In my opinion, the market's a bit hot for my liking. As a poster said above, he's positively geared at 1.2% financing, but you can't get that financing any more.
Most financing deals are in the mid to high 2s now and yields have come down to very low 3s. Downpayment requirements are too high. 60% deposit for locals investing, 50% if you're not living there. 40% if you invest in over AUD$200k properties. There's no interest only loans.
In other words, it's a significant cash drain. You need to put in significant capital, there's tough restrictions on selling (via very high selling stamp duty), there's no cash coming in to your bank before you sell (because you can't do interest only loan). If you buy a AUD$500k apartment, you need to put down around AUD$300k downpayment to be cashflow neutral (post interest and compulsory repayments). If the apartment went up 20%, you gain $100k, which is a 30% return on your $300k. ROE of 30%.
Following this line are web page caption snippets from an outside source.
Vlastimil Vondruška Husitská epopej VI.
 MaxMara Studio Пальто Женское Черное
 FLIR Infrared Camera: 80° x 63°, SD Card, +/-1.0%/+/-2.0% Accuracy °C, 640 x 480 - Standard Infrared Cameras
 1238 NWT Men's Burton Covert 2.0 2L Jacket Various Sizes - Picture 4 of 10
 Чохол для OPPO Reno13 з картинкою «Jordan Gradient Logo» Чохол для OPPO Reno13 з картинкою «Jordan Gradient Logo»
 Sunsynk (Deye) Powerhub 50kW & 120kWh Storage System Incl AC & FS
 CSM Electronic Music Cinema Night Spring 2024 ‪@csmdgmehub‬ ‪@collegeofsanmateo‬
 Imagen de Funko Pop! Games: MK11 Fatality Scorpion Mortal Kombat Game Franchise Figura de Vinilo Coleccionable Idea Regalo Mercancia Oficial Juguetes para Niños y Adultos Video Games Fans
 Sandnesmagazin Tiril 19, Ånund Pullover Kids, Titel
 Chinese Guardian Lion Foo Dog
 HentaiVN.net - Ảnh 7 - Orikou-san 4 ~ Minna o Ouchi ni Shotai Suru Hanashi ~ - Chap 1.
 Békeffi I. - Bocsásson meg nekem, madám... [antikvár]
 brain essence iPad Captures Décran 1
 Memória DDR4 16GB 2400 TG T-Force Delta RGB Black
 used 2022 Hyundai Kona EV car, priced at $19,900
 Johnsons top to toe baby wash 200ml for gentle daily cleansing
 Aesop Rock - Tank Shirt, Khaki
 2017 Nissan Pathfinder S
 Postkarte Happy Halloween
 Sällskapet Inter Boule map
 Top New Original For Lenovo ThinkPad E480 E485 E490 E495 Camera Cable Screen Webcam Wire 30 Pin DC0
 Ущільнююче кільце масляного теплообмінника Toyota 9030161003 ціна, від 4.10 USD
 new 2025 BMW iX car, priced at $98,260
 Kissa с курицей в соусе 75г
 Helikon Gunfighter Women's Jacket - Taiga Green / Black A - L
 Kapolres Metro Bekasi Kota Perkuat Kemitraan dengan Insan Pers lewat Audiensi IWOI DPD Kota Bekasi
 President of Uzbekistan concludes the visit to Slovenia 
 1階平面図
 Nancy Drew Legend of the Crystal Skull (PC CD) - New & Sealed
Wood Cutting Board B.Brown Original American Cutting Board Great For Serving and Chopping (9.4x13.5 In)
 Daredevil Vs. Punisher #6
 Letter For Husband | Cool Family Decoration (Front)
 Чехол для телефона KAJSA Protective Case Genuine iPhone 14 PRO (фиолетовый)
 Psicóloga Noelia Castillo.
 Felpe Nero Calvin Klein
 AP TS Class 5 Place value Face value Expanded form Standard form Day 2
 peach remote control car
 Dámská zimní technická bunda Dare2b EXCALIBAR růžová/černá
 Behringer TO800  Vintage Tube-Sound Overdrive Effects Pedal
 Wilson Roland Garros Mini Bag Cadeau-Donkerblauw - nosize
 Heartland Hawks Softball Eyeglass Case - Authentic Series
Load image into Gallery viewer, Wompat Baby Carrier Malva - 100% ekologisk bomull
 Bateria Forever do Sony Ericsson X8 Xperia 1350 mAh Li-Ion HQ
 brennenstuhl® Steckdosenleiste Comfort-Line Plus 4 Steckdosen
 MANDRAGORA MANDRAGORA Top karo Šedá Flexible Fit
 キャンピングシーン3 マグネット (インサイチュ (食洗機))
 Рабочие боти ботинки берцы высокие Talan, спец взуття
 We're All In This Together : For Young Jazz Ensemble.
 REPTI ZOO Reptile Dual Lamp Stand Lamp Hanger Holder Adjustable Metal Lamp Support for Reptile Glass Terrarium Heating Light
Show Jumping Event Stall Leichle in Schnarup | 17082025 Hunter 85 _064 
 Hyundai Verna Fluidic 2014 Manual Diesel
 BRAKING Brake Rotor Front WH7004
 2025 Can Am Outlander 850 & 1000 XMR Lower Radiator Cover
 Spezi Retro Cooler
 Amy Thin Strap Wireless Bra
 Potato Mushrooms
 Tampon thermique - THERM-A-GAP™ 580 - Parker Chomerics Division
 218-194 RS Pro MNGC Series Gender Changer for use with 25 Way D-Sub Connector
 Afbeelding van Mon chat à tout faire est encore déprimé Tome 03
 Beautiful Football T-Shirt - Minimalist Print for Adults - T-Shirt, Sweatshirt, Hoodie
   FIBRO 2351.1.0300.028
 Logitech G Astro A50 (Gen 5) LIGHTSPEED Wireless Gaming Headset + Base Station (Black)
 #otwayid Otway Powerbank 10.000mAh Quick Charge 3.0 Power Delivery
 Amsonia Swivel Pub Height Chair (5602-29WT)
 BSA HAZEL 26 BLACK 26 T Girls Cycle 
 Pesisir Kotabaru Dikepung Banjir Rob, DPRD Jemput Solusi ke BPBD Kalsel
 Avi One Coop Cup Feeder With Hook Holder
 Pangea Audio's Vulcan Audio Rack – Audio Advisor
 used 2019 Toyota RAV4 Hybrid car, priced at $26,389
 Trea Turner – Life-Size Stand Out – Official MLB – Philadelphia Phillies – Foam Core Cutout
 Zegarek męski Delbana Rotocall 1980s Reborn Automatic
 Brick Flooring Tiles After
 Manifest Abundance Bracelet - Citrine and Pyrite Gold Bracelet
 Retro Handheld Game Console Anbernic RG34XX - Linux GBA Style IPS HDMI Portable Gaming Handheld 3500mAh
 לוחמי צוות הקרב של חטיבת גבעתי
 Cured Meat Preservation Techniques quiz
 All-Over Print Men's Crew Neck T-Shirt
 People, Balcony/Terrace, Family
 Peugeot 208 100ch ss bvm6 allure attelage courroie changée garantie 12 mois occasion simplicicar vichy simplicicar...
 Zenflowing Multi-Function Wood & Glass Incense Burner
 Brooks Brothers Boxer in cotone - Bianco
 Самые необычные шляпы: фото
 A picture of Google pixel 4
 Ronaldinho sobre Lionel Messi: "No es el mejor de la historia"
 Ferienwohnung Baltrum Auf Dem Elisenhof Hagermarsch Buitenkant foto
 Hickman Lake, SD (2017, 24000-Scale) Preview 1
If you put down 20% downpayment in Australia and are cashflow neutral, a 20% appreciation (which looks like its around the corner) means you've doubled your equity. ROE of 100%.
As usual, it's just a numbers game, and provided you take a certain view on currency (ie that it will stay flat in the foreseeable 24 months), the smart money is probably coming back. If you're not local, don't even bother to buy as you pay extra 15% stamp duty.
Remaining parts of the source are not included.